> HOW TO COMPLETE THIS TASK
Would you restate every entry below word for word? Leave out the pictures.
Segment Start: RECORD EXCERPTS
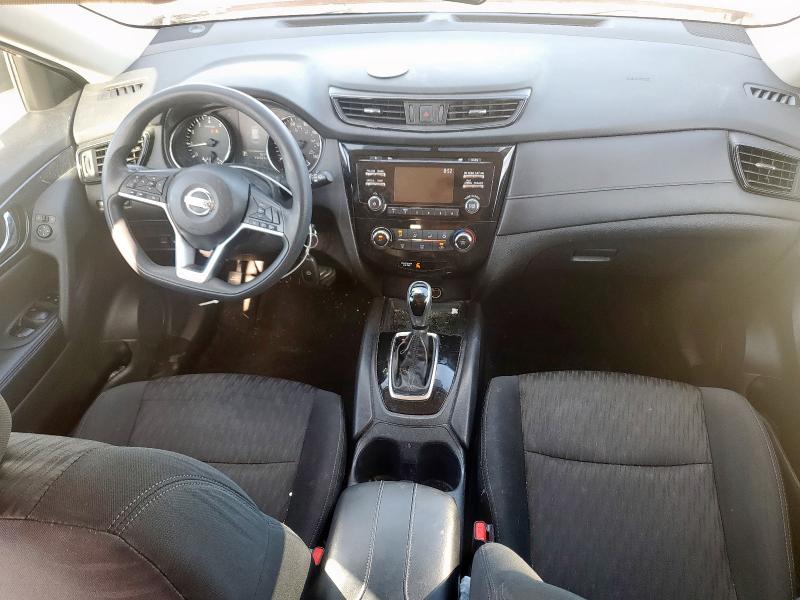  NISSAN ROGUE 2017 Czerwony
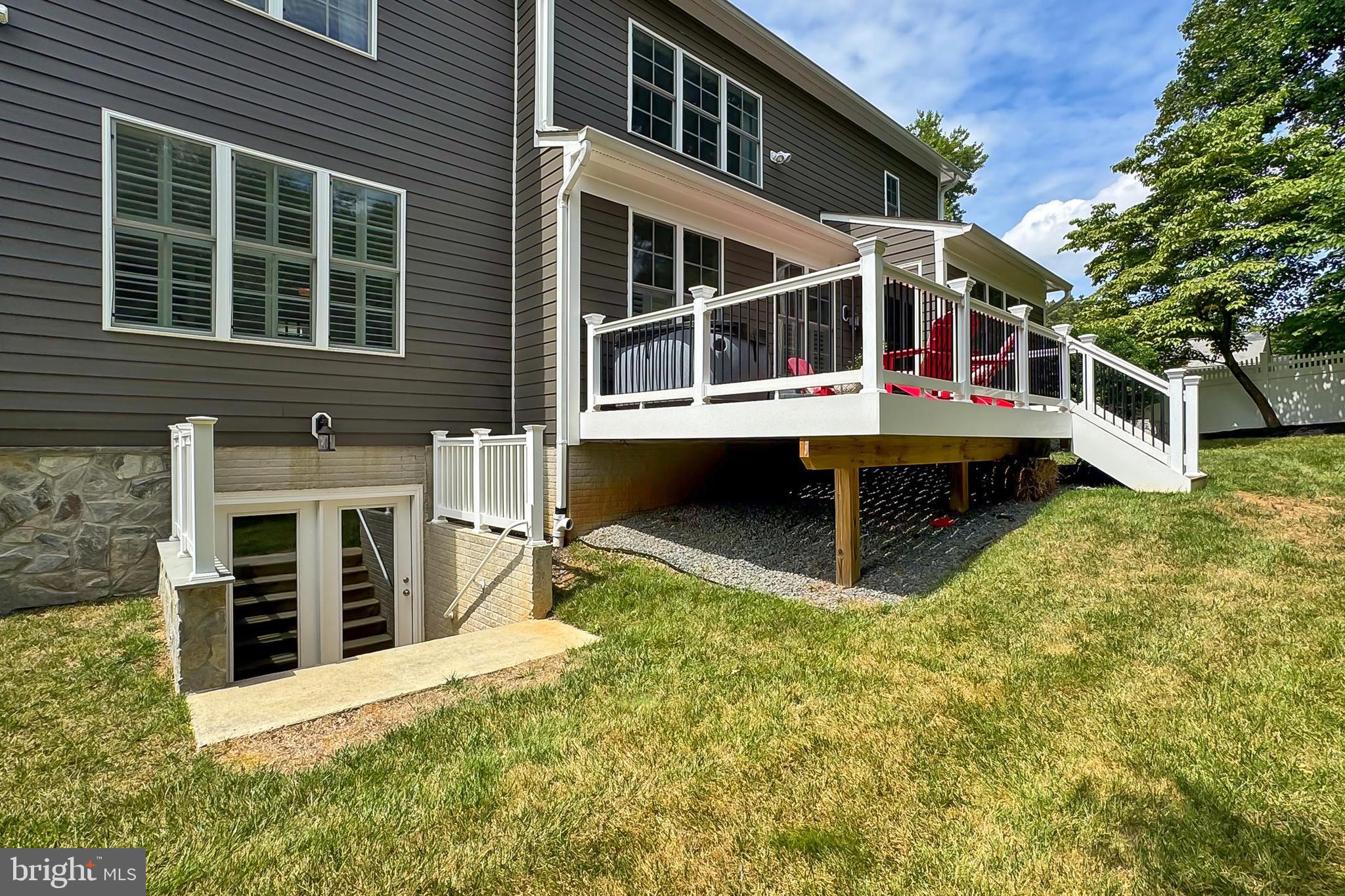 VIENNA WOODS - Residential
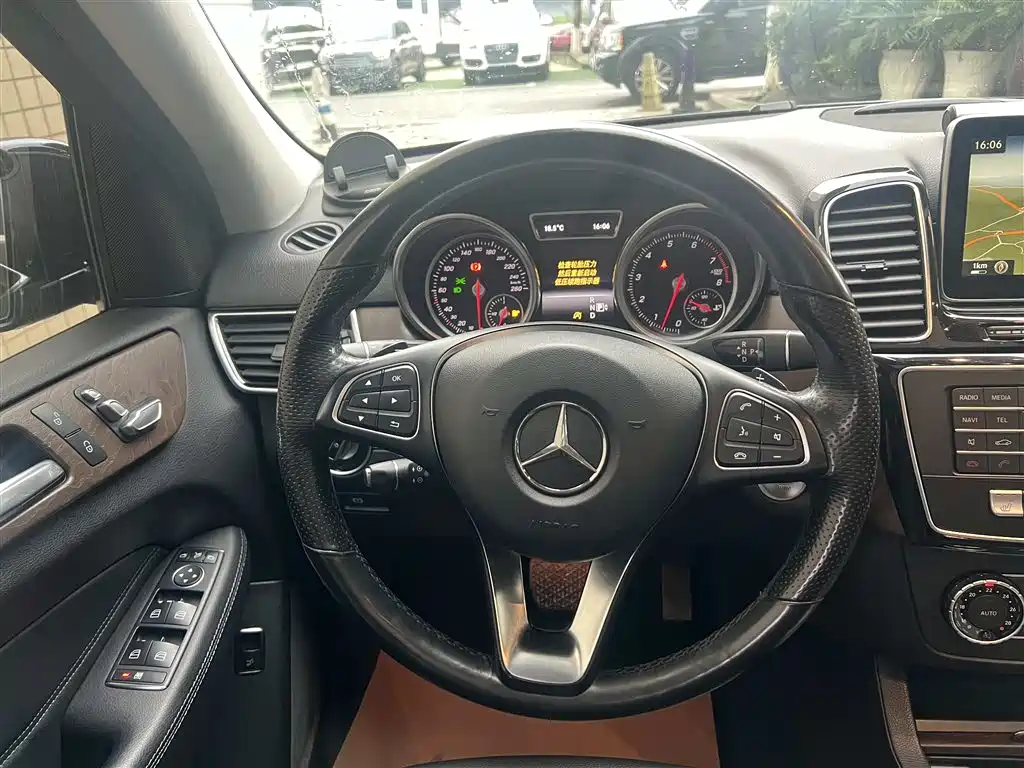 Mercedes-Benz GLE 2016 GLE 400 4MATIC фото 13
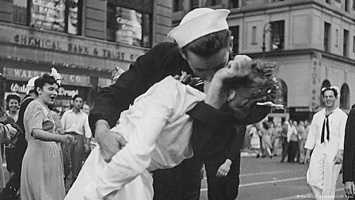В США умерла героиня фотографии "Поцелуй на Таймс-сквер"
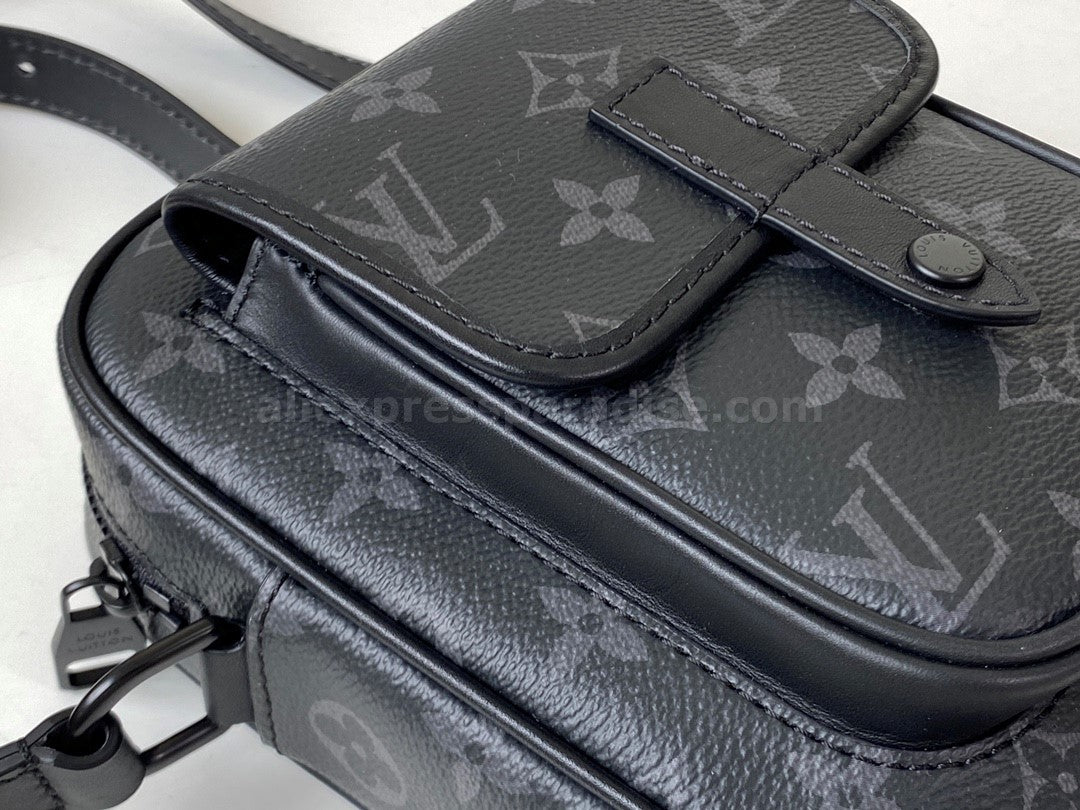 Shop Louis Vuitton 2022 SS Christopher wearable wallet (M69404) by  design◇base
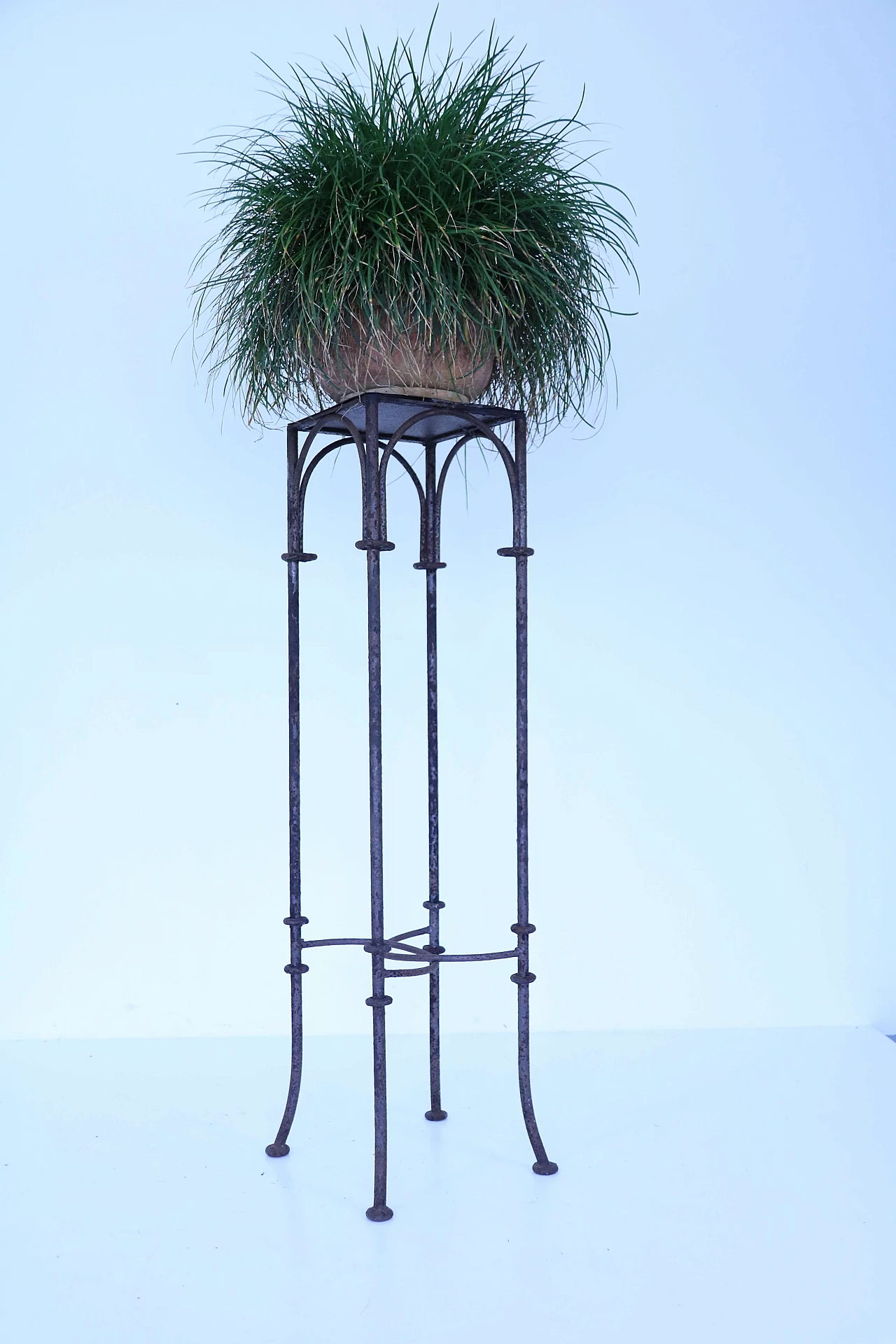 Tavolino alzata porta fiori in ferro per giardino, anni '50 1151913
Segment End: RECORD EXCERPTS
> SOLUTION FOR THIS EXERCISE
  NISSAN ROGUE 2017 Czerwony
 VIENNA WOODS - Residential
 Mercedes-Benz GLE 2016 GLE 400 4MATIC фото 13
В США умерла героиня фотографии "Поцелуй на Таймс-сквер"
 Shop Louis Vuitton 2022 SS Christopher wearable wallet (M69404) by  design◇base
 Tavolino alzata porta fiori in ferro per giardino, anni '50 1151913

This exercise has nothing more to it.